The Beaux Arts Trio in 1980

Pressler and his colleagues—who later included violinists Isidore Cohen, Ida Kavafian, Yung Uck Kim and Daniel Hope and cellists Peter Wiley and Antonio Meneses—had a busy international career. The Beaux Arts was rivaled among trios for the length of its existence only by the Kalichstein-Laredo-Robinson Trio, founded in 1977 and lasting until the death of pianist Joseph Kalichstein one year ago.

Pressler was the recipient of many awards, including lifetime achievement awards from Gramophone Magazine and the International Chamber Music Association, Chamber Music America’s Distinguished Service Award and numerous other honors and accolades.

The Beaux Arts set high standards and also helped blaze the trail for younger musicians, including, among those active in the United States today, the Claremont, Junction and Horszowski Trios. Pressler was close to the young Russian pianist Daniil Trifonov, and played with cellist Gautier Capucon and many other younger European musicians, including the French Quatuor Ebène, who played with him at a 90th birthday concert that was recorded on CD.

Pressler continued to teach after the Trio disbanded. He wrote a memoir in 2008, with William Brown, Artistry in Piano Teaching, and said, in a recent interview, “Teaching has been important to me all my life. I have been a teacher for over 65 years. … It has been very special for me to find out which is the best way for a particular student in a particular piece. Every student is different—and that’s what makes it so interesting; not just interesting, but it requires your interest to be there from that minute on for that particular person.”

In the course of his career Pressler collaborated with many famous ensembles, including the Juilliard, Emerson, American and Cleveland Quartets. He also continued to play as a solo pianist after the final performances of the Beaux Arts Trio. When he was close to 90, he collaborated with tenor Christoph Prégardien in Schubert’s famous song cycle Winterreise.

Menahem Pressler, Vol. 3 – Beethoven and Mozart

Pressler returned to Germany in 2008, on the 70th anniversary of Kristallnacht, and he made his debut with the Berlin Philharmonic in 2014, at the age of 90. As the WSWS noted on that occasion:

In January, an audience of thousands experienced a moving event: a slight, 90-year-old man sat nimbly at the piano in a Berlin concert hall and played Mozart’s Piano Concerto No. 17 in G Major (1784). During his performance, he was visibly cheerful, communicated with the orchestra, particularly with the wind section, and spoke through Mozart’s music to the audience—urging the listener to enjoy every trill.

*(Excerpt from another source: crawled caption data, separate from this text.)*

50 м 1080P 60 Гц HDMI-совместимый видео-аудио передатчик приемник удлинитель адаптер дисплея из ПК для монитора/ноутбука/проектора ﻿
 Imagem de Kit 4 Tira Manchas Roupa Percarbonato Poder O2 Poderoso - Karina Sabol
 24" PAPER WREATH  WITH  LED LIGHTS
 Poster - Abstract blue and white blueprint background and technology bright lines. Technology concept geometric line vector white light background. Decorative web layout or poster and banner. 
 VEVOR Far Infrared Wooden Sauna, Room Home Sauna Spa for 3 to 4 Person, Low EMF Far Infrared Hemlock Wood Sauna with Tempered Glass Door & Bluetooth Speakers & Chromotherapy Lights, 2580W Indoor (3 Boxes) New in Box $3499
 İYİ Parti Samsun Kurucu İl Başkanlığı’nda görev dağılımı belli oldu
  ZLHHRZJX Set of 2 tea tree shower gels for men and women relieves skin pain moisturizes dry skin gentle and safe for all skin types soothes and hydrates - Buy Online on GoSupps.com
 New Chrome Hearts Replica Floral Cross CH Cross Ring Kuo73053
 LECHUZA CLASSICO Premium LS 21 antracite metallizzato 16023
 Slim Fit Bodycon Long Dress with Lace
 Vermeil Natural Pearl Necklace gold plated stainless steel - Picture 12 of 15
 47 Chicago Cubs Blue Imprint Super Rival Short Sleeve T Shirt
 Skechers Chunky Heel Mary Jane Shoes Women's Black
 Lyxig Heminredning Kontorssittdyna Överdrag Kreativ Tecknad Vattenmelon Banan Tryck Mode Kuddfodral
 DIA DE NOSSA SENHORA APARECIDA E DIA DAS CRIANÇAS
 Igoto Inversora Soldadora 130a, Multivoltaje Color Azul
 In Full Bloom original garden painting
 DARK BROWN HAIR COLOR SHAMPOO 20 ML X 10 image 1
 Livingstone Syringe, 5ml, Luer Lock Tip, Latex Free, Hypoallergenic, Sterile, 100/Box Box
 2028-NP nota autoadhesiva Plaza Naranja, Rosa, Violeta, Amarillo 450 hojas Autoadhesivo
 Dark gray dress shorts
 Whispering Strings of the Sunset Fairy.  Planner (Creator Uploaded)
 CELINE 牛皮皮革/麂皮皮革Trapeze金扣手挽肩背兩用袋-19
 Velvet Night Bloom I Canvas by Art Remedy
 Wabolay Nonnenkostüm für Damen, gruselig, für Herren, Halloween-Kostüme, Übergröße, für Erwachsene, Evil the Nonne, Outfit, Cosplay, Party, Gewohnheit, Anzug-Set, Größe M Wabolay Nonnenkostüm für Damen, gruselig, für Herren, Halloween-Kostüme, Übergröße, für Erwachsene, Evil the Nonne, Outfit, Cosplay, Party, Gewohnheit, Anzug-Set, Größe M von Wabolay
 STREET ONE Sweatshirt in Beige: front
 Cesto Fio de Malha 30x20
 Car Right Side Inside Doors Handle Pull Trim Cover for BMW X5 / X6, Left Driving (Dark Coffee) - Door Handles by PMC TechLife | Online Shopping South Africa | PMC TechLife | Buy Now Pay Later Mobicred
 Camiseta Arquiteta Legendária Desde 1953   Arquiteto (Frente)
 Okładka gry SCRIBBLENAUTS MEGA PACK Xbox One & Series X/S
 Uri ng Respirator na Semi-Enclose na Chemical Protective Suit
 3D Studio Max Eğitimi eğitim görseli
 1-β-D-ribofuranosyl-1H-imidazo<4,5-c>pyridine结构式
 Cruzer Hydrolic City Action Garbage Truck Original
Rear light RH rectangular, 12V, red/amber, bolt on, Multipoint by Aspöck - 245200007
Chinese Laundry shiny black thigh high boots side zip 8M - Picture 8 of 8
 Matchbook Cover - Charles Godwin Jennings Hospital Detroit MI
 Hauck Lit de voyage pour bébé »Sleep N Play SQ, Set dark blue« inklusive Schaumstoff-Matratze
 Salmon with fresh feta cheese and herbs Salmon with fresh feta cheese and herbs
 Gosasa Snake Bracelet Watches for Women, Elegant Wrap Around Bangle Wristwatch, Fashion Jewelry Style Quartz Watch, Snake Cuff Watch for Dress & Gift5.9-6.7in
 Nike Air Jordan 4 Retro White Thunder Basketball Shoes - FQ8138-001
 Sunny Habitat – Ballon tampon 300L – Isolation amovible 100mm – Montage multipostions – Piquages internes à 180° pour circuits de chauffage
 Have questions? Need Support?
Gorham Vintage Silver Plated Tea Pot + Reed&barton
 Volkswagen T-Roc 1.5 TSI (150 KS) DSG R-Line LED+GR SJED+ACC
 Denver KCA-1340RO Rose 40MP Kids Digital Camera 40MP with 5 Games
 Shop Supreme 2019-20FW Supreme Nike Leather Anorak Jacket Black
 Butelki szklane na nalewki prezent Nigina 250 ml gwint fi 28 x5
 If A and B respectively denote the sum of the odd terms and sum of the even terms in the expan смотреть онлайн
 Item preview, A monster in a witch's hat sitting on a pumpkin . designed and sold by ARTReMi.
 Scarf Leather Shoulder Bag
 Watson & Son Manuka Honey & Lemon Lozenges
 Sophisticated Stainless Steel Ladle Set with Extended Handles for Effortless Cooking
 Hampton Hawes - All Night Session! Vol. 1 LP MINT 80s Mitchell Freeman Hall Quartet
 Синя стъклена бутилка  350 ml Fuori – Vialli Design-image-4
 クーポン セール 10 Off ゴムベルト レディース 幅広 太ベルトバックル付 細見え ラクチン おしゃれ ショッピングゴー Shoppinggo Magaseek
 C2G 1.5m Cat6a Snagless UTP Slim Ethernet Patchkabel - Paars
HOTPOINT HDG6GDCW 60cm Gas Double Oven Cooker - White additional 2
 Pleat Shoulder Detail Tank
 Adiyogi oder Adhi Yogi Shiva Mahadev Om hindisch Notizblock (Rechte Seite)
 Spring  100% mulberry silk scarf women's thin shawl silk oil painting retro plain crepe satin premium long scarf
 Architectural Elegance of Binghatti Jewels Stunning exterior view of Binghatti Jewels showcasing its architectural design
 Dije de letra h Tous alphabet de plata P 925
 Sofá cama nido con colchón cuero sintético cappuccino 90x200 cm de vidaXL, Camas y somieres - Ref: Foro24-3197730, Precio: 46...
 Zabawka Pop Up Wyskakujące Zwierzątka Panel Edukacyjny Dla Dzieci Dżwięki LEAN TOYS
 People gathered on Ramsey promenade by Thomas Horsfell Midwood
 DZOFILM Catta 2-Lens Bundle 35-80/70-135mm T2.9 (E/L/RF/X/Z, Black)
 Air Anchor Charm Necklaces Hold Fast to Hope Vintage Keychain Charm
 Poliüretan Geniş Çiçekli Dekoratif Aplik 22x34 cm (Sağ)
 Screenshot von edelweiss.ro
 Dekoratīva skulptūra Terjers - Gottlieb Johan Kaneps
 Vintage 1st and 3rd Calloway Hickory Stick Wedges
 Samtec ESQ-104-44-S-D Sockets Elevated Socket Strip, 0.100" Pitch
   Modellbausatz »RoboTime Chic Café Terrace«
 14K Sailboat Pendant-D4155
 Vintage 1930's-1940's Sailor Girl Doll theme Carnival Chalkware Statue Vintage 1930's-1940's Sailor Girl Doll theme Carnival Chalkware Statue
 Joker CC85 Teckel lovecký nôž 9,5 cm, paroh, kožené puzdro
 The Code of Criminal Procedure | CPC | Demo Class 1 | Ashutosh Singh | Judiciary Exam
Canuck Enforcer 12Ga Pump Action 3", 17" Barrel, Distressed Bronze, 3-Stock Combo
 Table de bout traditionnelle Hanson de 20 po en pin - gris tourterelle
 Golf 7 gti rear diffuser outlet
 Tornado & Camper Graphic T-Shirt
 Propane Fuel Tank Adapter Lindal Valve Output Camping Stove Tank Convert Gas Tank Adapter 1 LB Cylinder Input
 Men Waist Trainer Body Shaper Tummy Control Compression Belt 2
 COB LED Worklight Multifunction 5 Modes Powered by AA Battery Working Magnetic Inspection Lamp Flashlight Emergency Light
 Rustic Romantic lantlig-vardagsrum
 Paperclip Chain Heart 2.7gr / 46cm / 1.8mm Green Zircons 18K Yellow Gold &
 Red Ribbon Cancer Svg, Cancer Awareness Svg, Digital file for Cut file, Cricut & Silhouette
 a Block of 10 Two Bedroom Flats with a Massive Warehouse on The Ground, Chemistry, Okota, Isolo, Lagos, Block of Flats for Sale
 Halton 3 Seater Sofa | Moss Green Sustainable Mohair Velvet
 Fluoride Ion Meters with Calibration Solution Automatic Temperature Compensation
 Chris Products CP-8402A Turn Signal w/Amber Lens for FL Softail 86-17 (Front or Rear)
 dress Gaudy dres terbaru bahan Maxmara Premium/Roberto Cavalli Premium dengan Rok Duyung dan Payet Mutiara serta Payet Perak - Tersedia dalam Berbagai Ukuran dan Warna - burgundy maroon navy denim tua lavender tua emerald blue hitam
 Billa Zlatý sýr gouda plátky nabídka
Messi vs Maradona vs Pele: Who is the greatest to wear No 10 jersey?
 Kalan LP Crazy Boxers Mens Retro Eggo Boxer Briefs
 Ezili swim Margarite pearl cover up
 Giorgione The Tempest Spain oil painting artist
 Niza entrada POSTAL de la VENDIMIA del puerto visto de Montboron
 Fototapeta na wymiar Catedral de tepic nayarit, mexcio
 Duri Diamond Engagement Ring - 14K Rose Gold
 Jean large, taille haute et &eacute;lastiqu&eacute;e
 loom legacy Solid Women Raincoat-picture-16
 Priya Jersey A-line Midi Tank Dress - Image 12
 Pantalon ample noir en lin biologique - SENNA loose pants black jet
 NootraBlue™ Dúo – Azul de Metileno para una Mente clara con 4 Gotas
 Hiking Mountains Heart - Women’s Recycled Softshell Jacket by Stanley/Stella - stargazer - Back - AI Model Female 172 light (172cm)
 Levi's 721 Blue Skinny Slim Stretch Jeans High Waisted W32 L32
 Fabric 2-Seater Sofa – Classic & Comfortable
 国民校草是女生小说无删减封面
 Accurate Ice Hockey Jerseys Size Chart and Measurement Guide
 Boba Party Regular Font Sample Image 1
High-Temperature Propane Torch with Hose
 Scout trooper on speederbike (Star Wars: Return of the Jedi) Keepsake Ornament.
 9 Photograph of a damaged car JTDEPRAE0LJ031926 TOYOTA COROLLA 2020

The pianist was Menahem Pressler, born Max Jacob Pressler in 1923 in Magdeburg, Germany. Seventy-five years ago, in 1939, he and his family were barely able to flee the Nazi terror against the Jewish population.

His family’s clothing store was ransacked and destroyed on November 9, 1938, during the Nazi’s Kristallnacht pogroms, and Max Jacob was expelled from high school. He continued to take piano lessons in secret. His uncles, aunts and grandparents were murdered in Auschwitz. His family, via Italy, fled to Palestine and thereafter to the US.

When he was 17, Max Jacob adopted the name Menahem (Hebrew for comfort or solace). He studied piano under fellow émigrés Leo Kestenberg and Eliahu Rudiakov, among others. In the US, he founded the renowned Beaux Arts Trio in 1955, an ensemble in which he performed internationally, including in Germany, until its dissolution in 2008.

After 73 years, on September 27, 2012, Menahem Pressler’s German citizenship was restored. At the ceremony in Berlin, he said that Germany had remained his cultural home throughout. He had always spoken German at home with his family, had read Goethe and Heine and played Beethoven, Schubert and Mozart on the piano. “I can understand those who could not face all that after Auschwitz,” said Pressler, “but for me, there has always been this land of culture that I clung on to.”

Pressler’s three concerts January 10-12 [2014] were his first performances with the Berlin Philharmonic, the elite orchestra that performed for the Nazi dictatorship up until 1945. One had the impression that both he and his audience realised this concert was a historic occasion.